Opini

Ramadhan: Momentum Jihad Melawan Kemiskinan dan Kebodohan

NU Online  ·  Selasa, 3 Oktober 2006 | 09:03 WIB

Oleh: KH A Hasyim Muzadi

Perkataan jihad kembali menjadi wacana luas di kalangan masyarakat menyusul pro kontra merespon pernyataan Paus Benediktus XVI ihwal Jihad. Dalam kuliah umum di Aula Magna, Universitas Regensburg, Jerman, belum lama ini, Paus mengingatkan ihwal makna Jihad dalam Islam yang sering dikonotasikan dengan pedang untuk menyebarkan agama Islam. Menurut Paus, tafsiran tersebut merujuk pada pernyataan seorang Kaisar Bizantium, Manuel II Paleologus yang memaknai kata jihad dengan pedang. Maksudnya, agama Islam dikembangkan oleh para pemeluknya dengan menggunakan ’pedang’. Dalam konteks ini, pedang selalu dikonotasikan dengan jalan kekerasan atau adanya unsur pemaksaan kehendak dari satu pihak kepada pihak lain.

 

<>

Benarkah demikian? Agaknya kehadiran Ramadhan kali ini harus dijadikan momentum untuk kembali mengkaji makna dan eksistensi jihad dalam masyarakat Islam. Seperti jamak dipahami umat Islam, Ramadhan biasanya dijadikan momentum untuk penyucian diri (tazkiyah), mengingat Allah (dzikrullah) dan evaluasi (muhasabah) dalam setahun perjalanan hidup kita. Kita harus akui, bahwa di dalam komunitas Islam, penafsiran tentang makna jihad memang masih beragam. Ada yang saklek mengatakan bahwa jihad itu adalah perang secara fisik (qathl atau harb), ada pula yang menafsirkan jihad dalam bentuk lain. Kali ini, penulis ingin membahas jihad  dalam perspektif makna yang kedua itu, yaitu jihad melawan kemiskinan dan kebodohan. Karena problem seperti inilah yang riil dihadapi oleh umat dan bangsa Indonesia sekarang ini.

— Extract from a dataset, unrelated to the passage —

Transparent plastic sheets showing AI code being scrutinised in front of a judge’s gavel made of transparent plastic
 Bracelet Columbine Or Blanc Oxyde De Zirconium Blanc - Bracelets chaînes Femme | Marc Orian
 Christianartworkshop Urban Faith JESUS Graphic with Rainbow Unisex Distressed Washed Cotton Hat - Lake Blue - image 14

Secara harfiah, jihad berarti berusaha dengan sungguh-sungguh. Kemudian, ada konteks Jihad Fi Sabilillah yang sering dimaknai sebagai perjuangan di jalan Allah. Dalam hal ini, perjuangan bukan semata-mata perang, sebab ajaran Islam dalam hal jihad sebagaimana disampaikan Nabi Muhammad adalah Jihad melawan hawa nafsu, khususnya nafsu syaethoniyah. Salah satu nafsu yang patut diperangi adalah nafsu amarah, iri hati, syirik atas nikmat orang lain, sombong, termasuk nafsu serakah yang sering menempuh jalur korupsi dan manipulasi. Artinya, nafsu itu negatif itu merupakan sumber petaka yang tidak hanya akan merusak diri sendiri, tapi juga mengakibatkan kerugian yang tidak kecil bagi orang lain.

Sekedar contoh, berbagai bencana alam yang diakibatkan oleh ulah manusia seperti banjir, tanah longsor, kekeringan, kebakaran, muntahana lumpur panas di Sidoarjo serta yang lain itu merupakan buah dari keserakahan segelintir orang yang rakus. Bukankah illegal loging merupakan salah satu bentuk keserakahan yang patut diperangi agar tidak merugikan rakyat banyak, termasuk nyawa mereka? Jerit dan tangis para korban bencana ternyata hanya menjadi hiasan di layar kaca atau konsumsi berita belaka, tidak lebih dari itu. Tangisan dan nestapa mereka tak mampu menyentuh dinding kepekaan pemerintah yang telah disumpah untuk melindungi dan melayani kepentingan rakyatnya. Yang lebih tragis lagi, bencana justru menjadi komoditi yang sangat laris untuk dimuati dengan berbagai interes yang tidak merujuk pada kepentingan rakyat, khususnya korban bencana. 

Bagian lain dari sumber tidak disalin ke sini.